John Hegley at Waterside Arts
Sarah-Clare Conlon, Literature EditorCelebrated poet and musician John Hegley is back at Waterside with his latest show, Biscuit of Destiny, based on his most recent pamphlet, A Scarcity Of Biscuit, published by Caldew Press in 2021.
The show – which won a Lustrum Award at the Edinburgh Fringe 2022 – contains poems from this new pamphlet, but not exclusively. As well as introducing audiences to a clutch of new verses, John Hegley also performs a few older favourites: glasses, dogs, trainspotters and furniture.

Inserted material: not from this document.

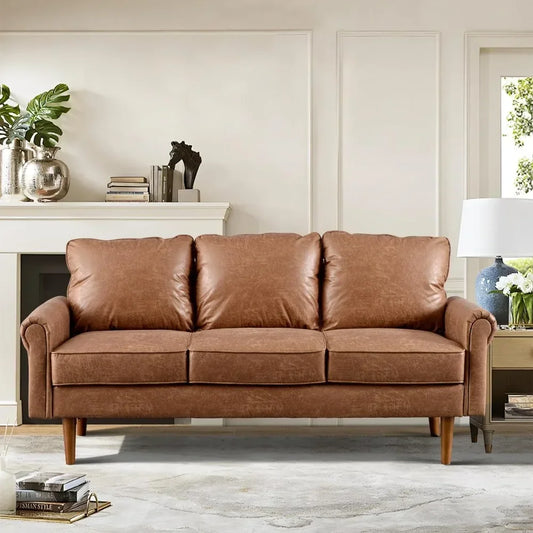 Mid Century Modern Leather Couch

It delves into the more eccentric side of Romantic poet John Keats, courtesy John Keats’s hobby horse, alongside everyday goings-on in the Hegley homes of now and yesteryear. There’s a cardboard camel with a moving jaw, seven drawings of elephants, myths, discos, daleks, the search for a sense of self-worth, and “a teacher who made a word of difference. Yes, it took only one word.” There’s optional community singing and opportunities to dance along too. We’re told: “The show, devised for adults, is not unsuitable for the odd nine-year-old.”

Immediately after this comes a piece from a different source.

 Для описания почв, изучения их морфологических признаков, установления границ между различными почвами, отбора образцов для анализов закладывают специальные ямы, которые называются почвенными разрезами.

As well as introducing audiences to a clutch of new verses, John Hegley also performs a few older favourites: glasses, dogs, trainspotters and furniture.
He was the Keats House poet-in-residence in 2012, and in his pamphlet, A Scarcity Of Biscuit, John Hegley weaves a colourful collection of musings, drawings and dialogues around the poems, letters and loved ones of John Keats. If you are a lover of Keats’s poetry, or are newer to the poet and want to explore his work, this collection allows the reader to share in the author’s enthusiasm and passion for one of Britain’s best-loved literary figures.
John Hegley was born in Islington, North London and now lives in the neighbouring borough of Hackney. He was educated at schools in Luton and Bristol before studying Sociology/European Literature and the History of Ideas at the University of Bradford. John has a cult following, having toured nationally and internationally for the past 40 years, and regularly appearing on BBC Radio. He he has been a Perrier Comedy Award nominee, and his livelihood has mainly been made by creating and performing content for workshops, festivals and theatre and radio. This has consisted of songs, poems, drawings, and other activities, including French baroque dance. With his band The Popticians, he featured on the John Peel sessions in the 1980s. He hosted the Border TV poetry series Word Of Mouth, presented three series of Hearing With Hegley on BBC Radio 4, and in 2010 he presented Warning, May Contain Nuts, challenging stigmas around mental illness. In 2019 he toured art galleries in England with Putting You In The Picture; working with children to explore and respond to artworks with drawing and writing.